(TO DO):
The range to repeat runs from the line with "All You Need" to the last line below, both ends included; give it exactly and without pictures.

(LISTED ENTRIES):
◆ ◆ ◆ ◆ ◆

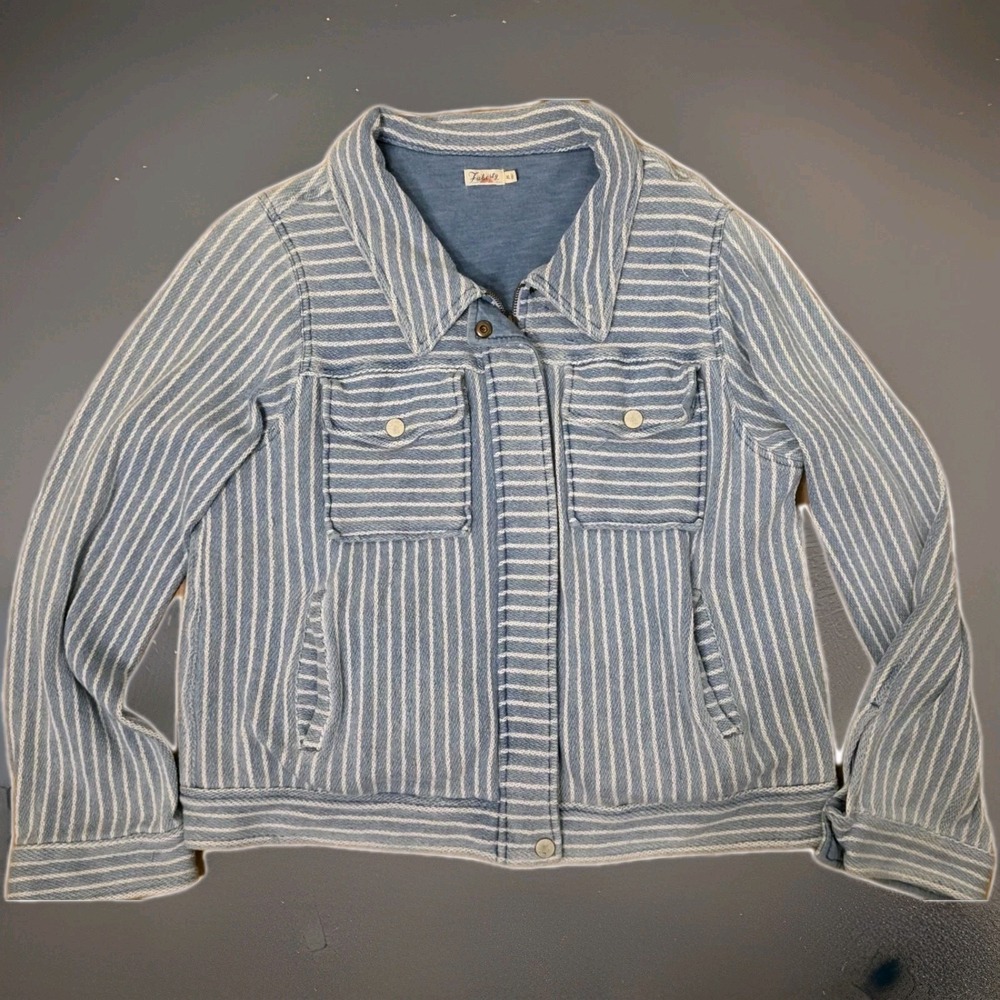 Faherty Terry Jacket Size XL Indigo Blue Stripe Zip Up Lightweight 100% Cotton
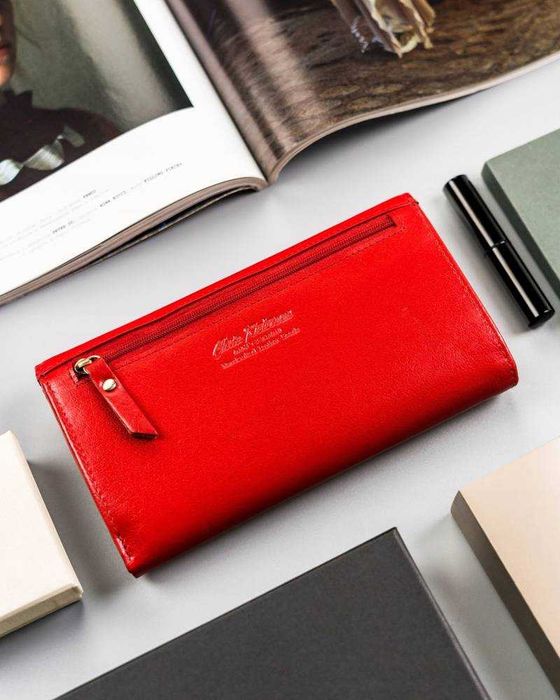 Portfel Damski PETERSON Duży SKÓRZANY Klasyczny Poziomy Elegancki RED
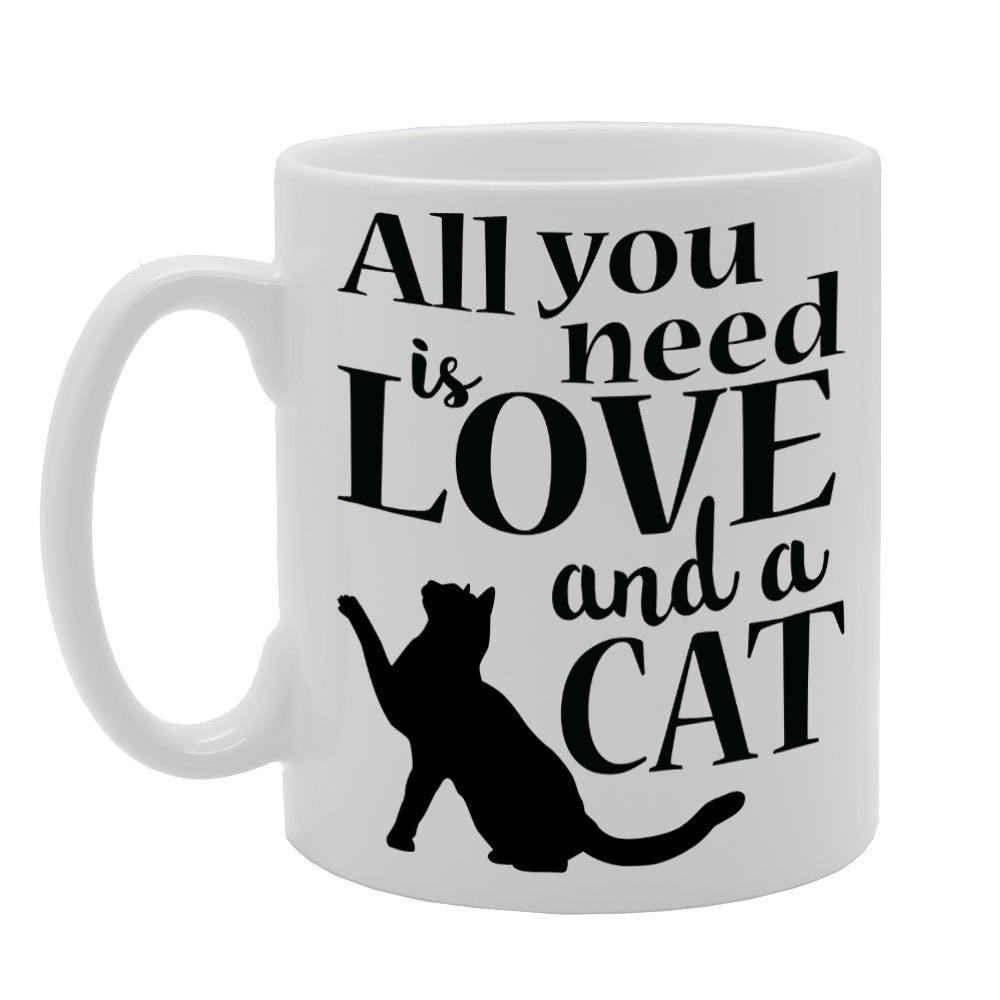 All You Need Is Love And A Cat   Printed Tea Coffee Ceramic  Mg2061 - Funny Printed Coffee Mug - Great Gift Idea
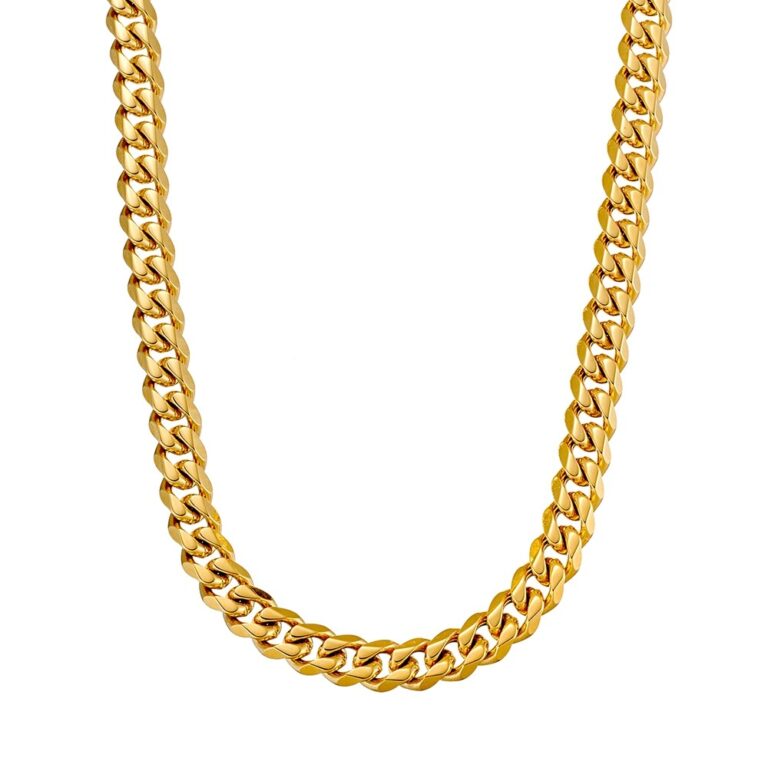 Blaze Stainless Steel Gold Plated 55Cm Curb Chain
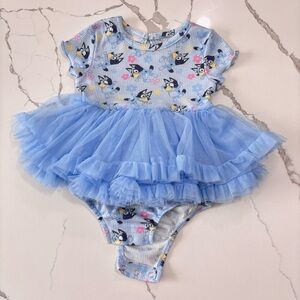 Disney Bluey Baby Infant Girls Blue Tutu Bodysuit Size 12 Months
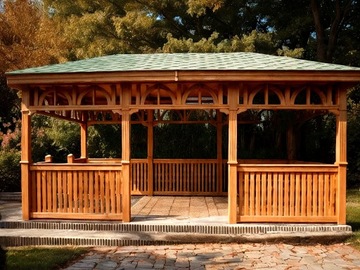 Беседка 11 4х6 ДЕРЕВЯННАЯ СОСНОВЫЙ САД ПРОИЗВОДИТЕЛЬ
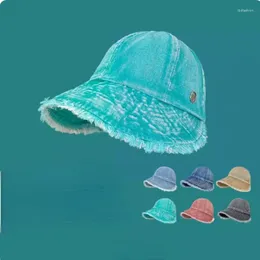 Visors Retro Washed Denim Rough Edge Bucket Hat Women Spring And Summer Versatile Face Small Sun Protection Cover Cap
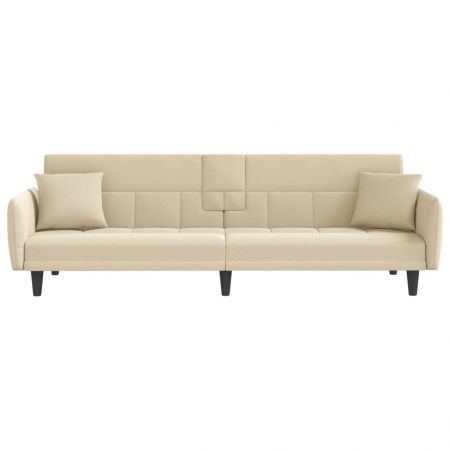 Sofa Bed with Cup Holders Cream Fabric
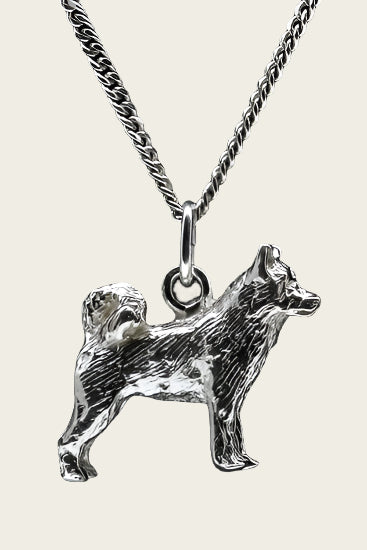 Zilveren Alaska malamute ketting hanger - groot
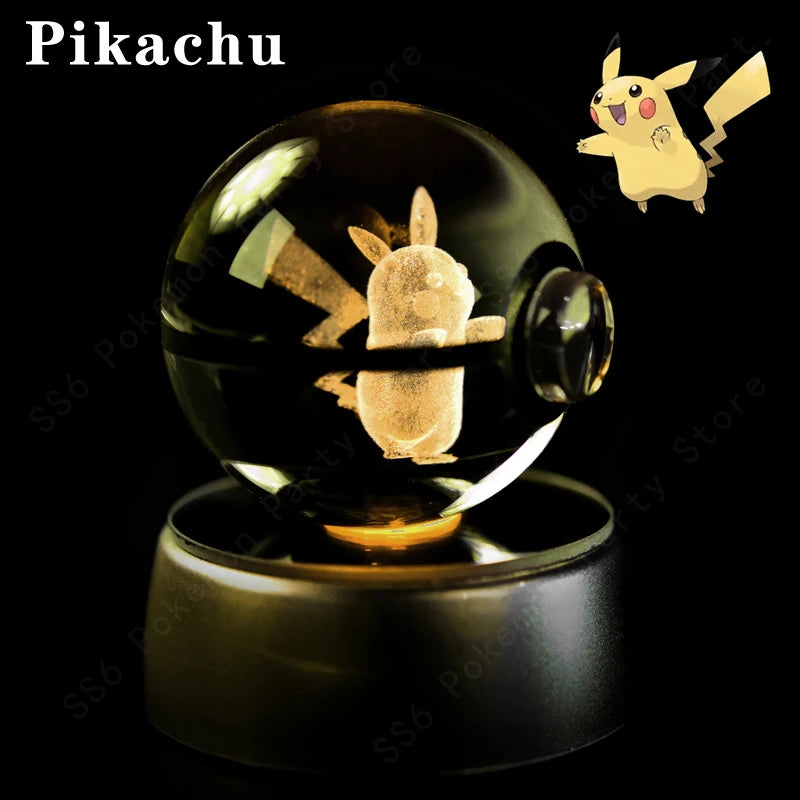 Crystal ball with Pikachu inside, featuring a transparent sphere on a black background.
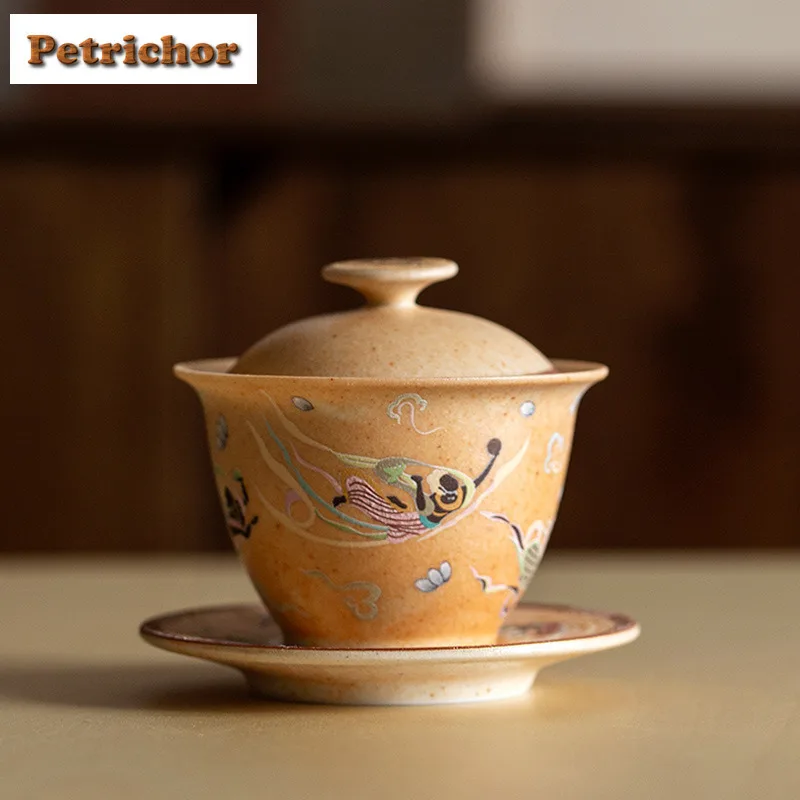 

120 мл Dunhuang Apsaras Gaiwan Zen Tea Tureen, бытовая чайная чаша с крышкой, комплект чайника, крышка, миска для чайных принадлежностей, украшения
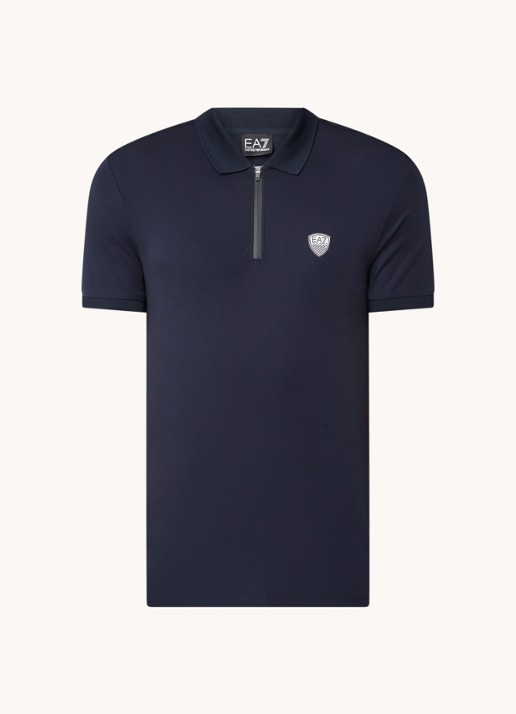 Armani Regular fit polo met logo en halve rits - voorkant 2 donkerblauw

◆ ◆ ◆ ◆ ◆

(ANSWER TO THIS PROBLEM):
 All You Need Is Love And A Cat   Printed Tea Coffee Ceramic  Mg2061 - Funny Printed Coffee Mug - Great Gift Idea
 Blaze Stainless Steel Gold Plated 55Cm Curb Chain
 Disney Bluey Baby Infant Girls Blue Tutu Bodysuit Size 12 Months
 Беседка 11 4х6 ДЕРЕВЯННАЯ СОСНОВЫЙ САД ПРОИЗВОДИТЕЛЬ
 Visors Retro Washed Denim Rough Edge Bucket Hat Women Spring And Summer Versatile Face Small Sun Protection Cover Cap
 Sofa Bed with Cup Holders Cream Fabric
 Zilveren Alaska malamute ketting hanger - groot
 Crystal ball with Pikachu inside, featuring a transparent sphere on a black background.

120 мл Dunhuang Apsaras Gaiwan Zen Tea Tureen, бытовая чайная чаша с крышкой, комплект чайника, крышка, миска для чайных принадлежностей, украшения
 Armani Regular fit polo met logo en halve rits - voorkant 2 donkerblauw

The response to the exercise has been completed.